Bu zorlu süreçte birçok insan pandemi olmasaydı nereye seyahat etmiş olacaklarını, sorgusuz sualsiz ne için, ne kadar para harcamış olacaklarını düşündüklerinde; seyahatlerindeki birçok unsurun gereksiz ve amaçsız olduğunu düşünebilirler. Bunu düşünenlerin ise azımsanmayacak ölçüde çok olduğu da tahmin edilebilir. Artık gelecekte insanlar daha az ve daha seçici seyahatler yapacaklar, kitle halinde ve kalabalık seyahatlerinden öte daha bireysel hizmet ve bulunurluk yaşayacakları seyahat olanaklarını değerlendirecekler. Nereye gitmek istediklerini dikkatlice gözden geçirecekler ve aynı kişilerle, aynı yerlere gitmekten uzaklaşacaklar. Seyahatler eskisi gibi olmayacak; şehirler daha sessiz olacak, UNESCO Dünya Mirası alanları aşırı kalabalık olmayacak ve gökyüzü daha az kirlenecek. 

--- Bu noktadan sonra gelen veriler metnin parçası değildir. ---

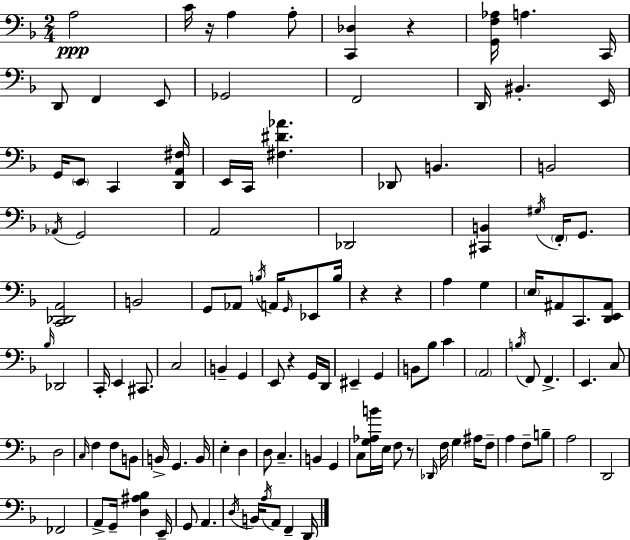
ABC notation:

X:1
T:Untitled
M:2/4
L:1/4
K:F
A,2 C/4 z/4 A, A,/2 [C,,_D,] z [G,,F,_A,]/4 A, C,,/4 D,,/2 F,, E,,/2 _G,,2 F,,2 D,,/4 ^B,, E,,/4 G,,/4 E,,/2 C,, [D,,A,,^F,]/4 E,,/4 C,,/4 [^F,^D_A] _D,,/2 B,, B,,2 _A,,/4 G,,2 A,,2 _D,,2 [^C,,B,,] ^G,/4 F,,/4 G,,/2 [C,,_D,,A,,]2 B,,2 G,,/2 _A,,/2 B,/4 A,,/4 G,,/4 _E,,/2 B,/4 z z A, G, E,/4 ^A,,/2 C,,/2 [D,,E,,^A,,]/2 _B,/4 _D,,2 C,,/4 E,, ^C,,/2 C,2 B,, G,, E,,/2 z G,,/4 D,,/4 ^E,, G,, B,,/2 _B,/2 C A,,2 B,/4 F,,/2 F,, E,, C,/2 D,2 C,/4 F, F,/2 B,,/2 B,,/4 G,, B,,/4 E, D, D,/2 C, B,, G,, C,/2 [G,_A,B]/4 E,/4 F,/2 z/2 _D,,/4 F,/4 G, ^A,/4 F,/2 A, F,/2 B,/2 A,2 D,,2 _F,,2 A,,/2 G,,/4 [D,^A,_B,] E,,/4 G,,/2 A,, D,/4 B,,/4 A,/4 A,,/2 F,, D,,/4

Birçoğumuz seyahatin özgürlüğünü ve heyecanını umutsuzca özlüyor olsak da, sosyal prestij ve Instagram “beğenileri” için seyahat etmenin bizi ileriye götüren şeyin olmaması gerektiğinin farkına varıldığından hiç şüphe yok. Bizim için gerçekten bir şey ifade eden, denizaşırı bir yere seyahat etme çabasına ve riskine değecek seyahatleri seçmeliyiz. Hepimiz virüsa yakalanma riskinin umduğumuzdan daha uzun süre devam eden bir sorun olacağını tahmin ediyoruz ve bu tahmini dikkate alan seyahat gerekliliklerini dikkatle tercih etmeliyiz.

2021’DE VAHŞİ DOĞADA DAHA FAZLA ZAMAN GEÇİRECEĞİZ

Aylarca süren kapanmalardan sonra, herkeste geniş açık alanlar için evrensel bir açlık olacak. Örneğin şehirlerin insan az yoğun olan yerleri, milli parklar ve ören yerleri, kapanma sonrası açılmalar ile büyük ziyaretçi akını yaşadı. Vahşi doğada geçirilen zamanın modern kent yaşamına bir panzehir olduğu düşünüldüğünde, bu eğilimin 2021 ve sonrasında da devam edeceği düşünülebilir.

Yolcuların tek bir konuma uçtukları ve ardından eve döndükleri, noktadan noktaya tatil eğilimlerinin; birden fazla yere yapılan, daha yavaş bir hızda gerçekleşen seyahatlerin oluşturacağı trendler ile rekabet edeceği de düşünülebilir. 2021 ve sonrasında, modern kent yaşamına panzehir olarak vahşi doğada daha fazla zaman geçireceğiz.

İnsanlar seyahat tarzları hakkında daha dikkatli düşündükçe, dünyamız üzerindeki tahrip edici etkilerini en aza indirmek için ellerinden gelen her şeyi yapan oteller ve seyahat şirketleri arayacaklar. Seyahat eden insanlar bilinçlendikçe ekoturizm güvencesi veren turizm hizmetlerine ve turizm işletmelerindeki akredite hizmetlere ilgileri artacak. Seyahat edecek kişiler hangi nedenle seyahat ederse etsinler evlerine döndüklerinde kendilerini eskisinden daha rahat, daha sağlıklı ve daha huzurlu hissetmek isteyeceklerdir ve wellnes, wellbeing gibi turizm içerikleri daha popüler hale gelecek.

FARKLI DENEYİMLERİ YAŞAMA İSTEĞİ ÖNE ÇIKACAK

Yerel topluluklarla güvenli ve saygılı bir şekilde ilişki kurmak, yerel deneyimleri yaşamak, yöresel lezzetleri tatmak gelecekteki gezilerin önemli bir yönü olacak ve turistler öğrenmeye, insanlarla bağlantılar kurmaya istekli olacak. Doğrudan ödeme veya gönüllülük çerçevesinde, olumlu bir ayak izi de bırakmak isteyecekler.

Son olarak, “tatil” fikri geçmişteki farklı tarihsel süreçlerdeki yaşananları hissetmeyi istedikçe, sadece yurtdışında “olmak” dikkatli bir alternatif olacaktır. Bu seyahat ve tatil fikri ziyaretçilerin işi tatillerle birleştirdiği, kendilerinin belirli bir yerde daha uzun süreler boyunca yaşamak zorunda kalacağı “işlerin” artış döneminde tercihlerden birisi olacaktır.